┌─ INPUT RECORDS
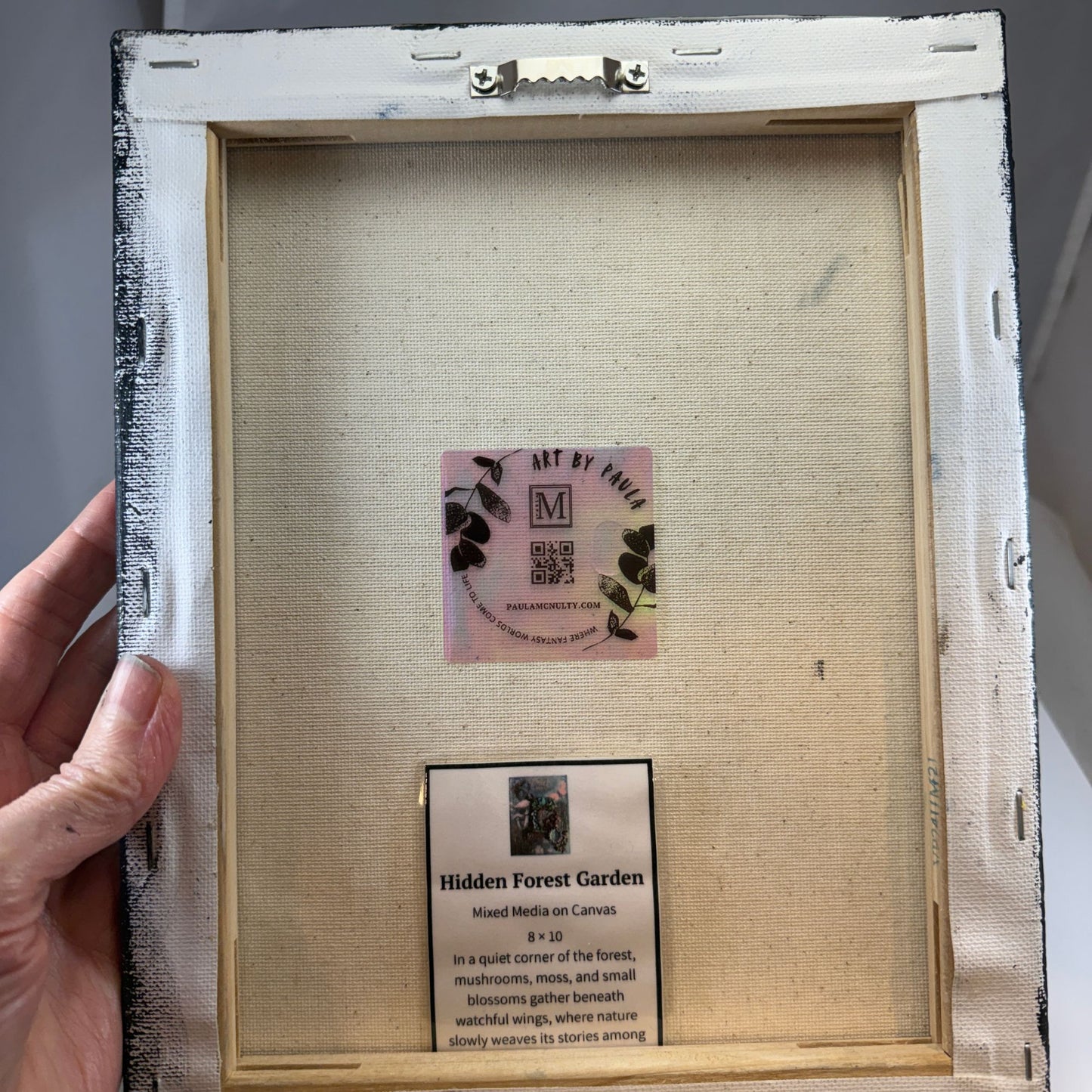 Framed artwork with a label inside the frame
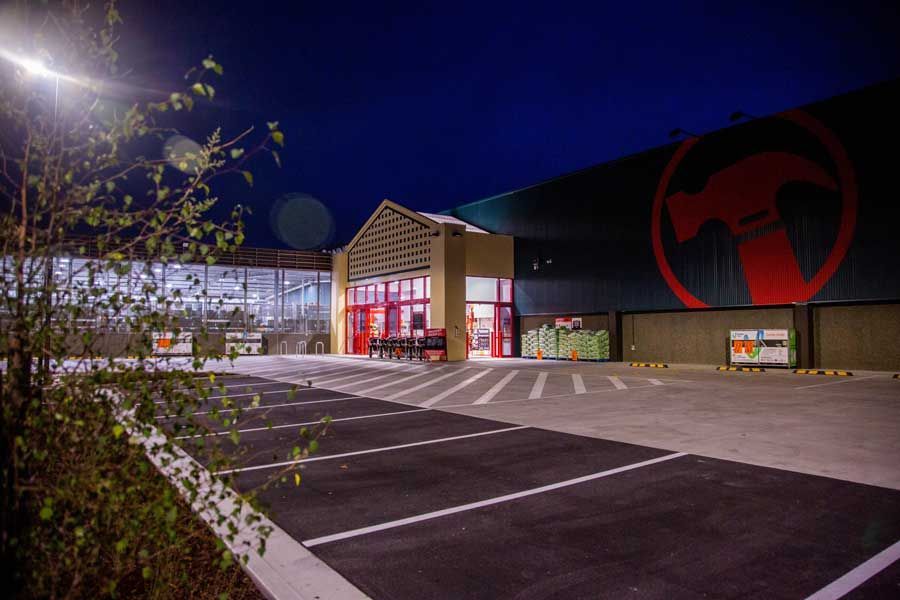 Exterior of a hardware store at night with bright signage and empty parking lot.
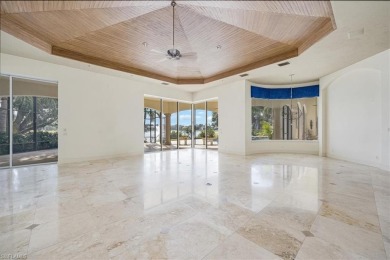 Sitting on a prime golf lake front lot, this custom estate on Quail West Golf and Country Club in Florida - for sale on GolfHomes.com, golf home, golf lot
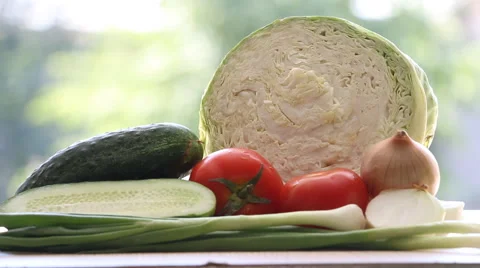 Strew the vitamins in fresh vegetables. Video stock 51638542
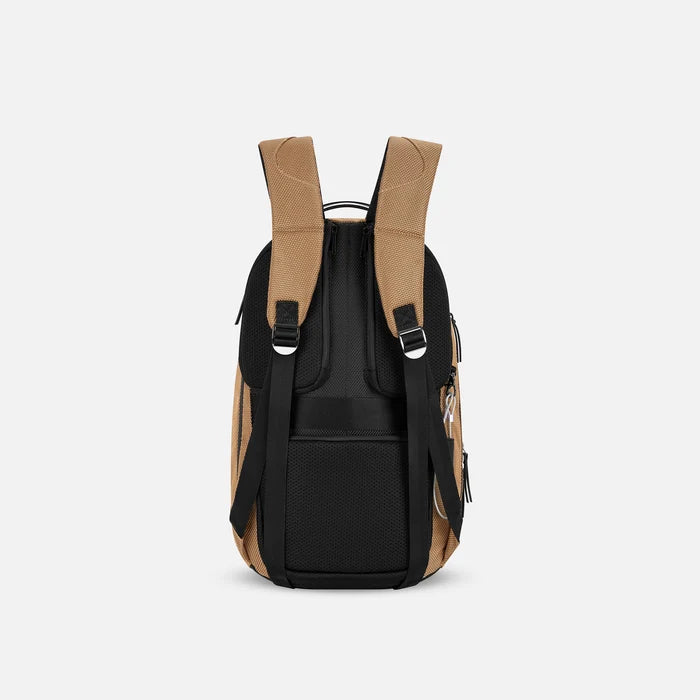 A Sherpani Solstice Sand Tan Anti-Theft Travel Backpack, back view showing back strap pockets and shoulder straps against a white background.   #color_sand-tan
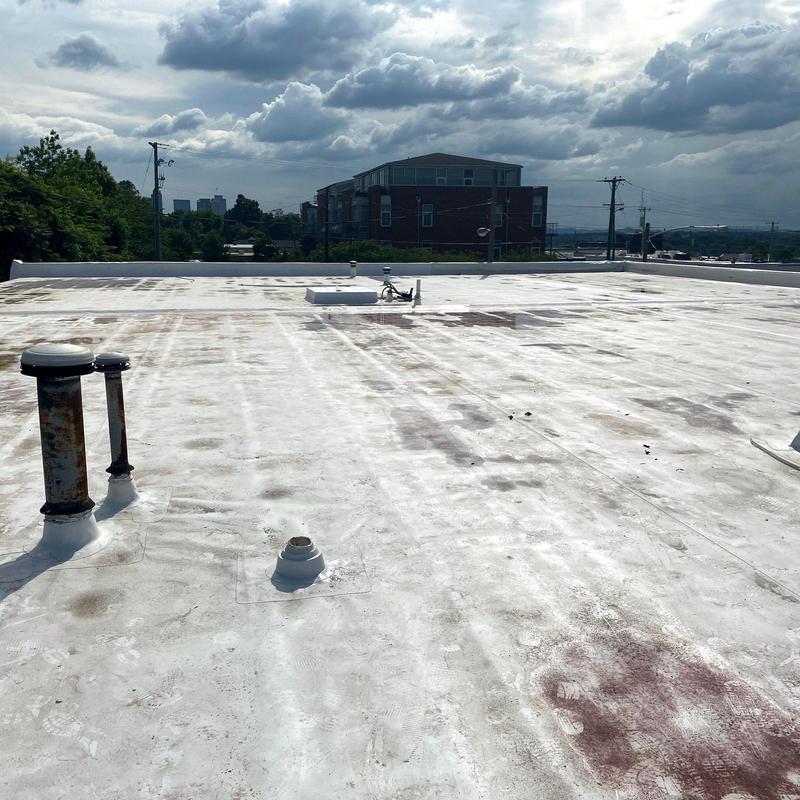 Commercial flat roofing with hail damage and wear marks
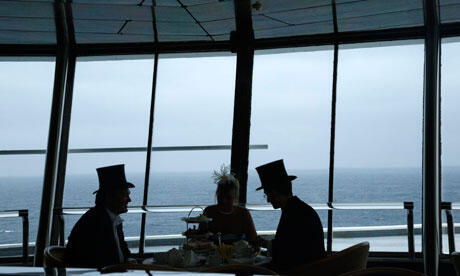 Passengers enjoy traditional afternoon tea during the Titanic Memorial Cruise in the mid-Atlantic. Photo: Chris Helgren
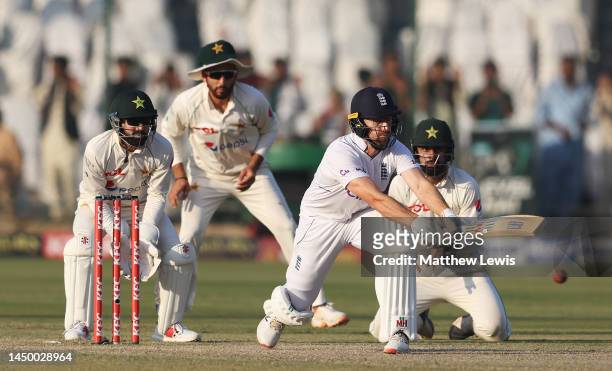 Jack Leach of England sweeps the ball during Day Two of the Third Test between Pakistan and England at Karachi National Stadium on December 18, 2022...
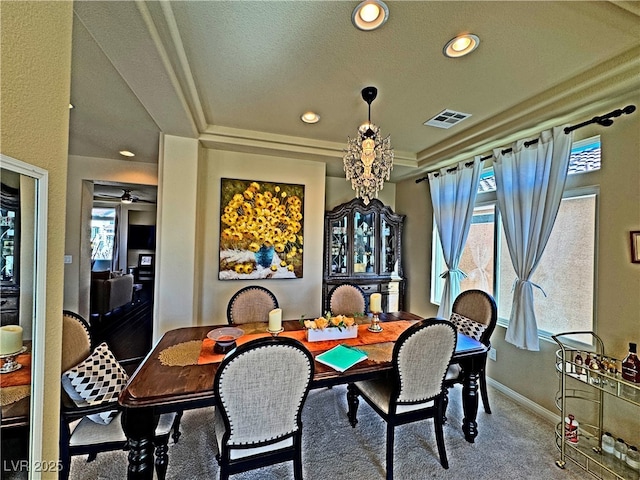 carpeted dining space featuring a raised ceiling and a healthy amount of sunlight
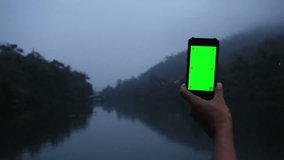 Hand using smartphone green screen at river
└─
* [EXERCISE INSTRUCTIONS]: Would you retype every line shown above exactly, leaving the pictures aside?

* [COMPLETED TASK]:
 Framed artwork with a label inside the frame
 Exterior of a hardware store at night with bright signage and empty parking lot.
 Sitting on a prime golf lake front lot, this custom estate on Quail West Golf and Country Club in Florida - for sale on GolfHomes.com, golf home, golf lot
 Strew the vitamins in fresh vegetables. Video stock 51638542
 A Sherpani Solstice Sand Tan Anti-Theft Travel Backpack, back view showing back strap pockets and shoulder straps against a white background.   #color_sand-tan
 Commercial flat roofing with hail damage and wear marks
 Passengers enjoy traditional afternoon tea during the Titanic Memorial Cruise in the mid-Atlantic. Photo: Chris Helgren
 Jack Leach of England sweeps the ball during Day Two of the Third Test between Pakistan and England at Karachi National Stadium on December 18, 2022...
 carpeted dining space featuring a raised ceiling and a healthy amount of sunlight
 Hand using smartphone green screen at river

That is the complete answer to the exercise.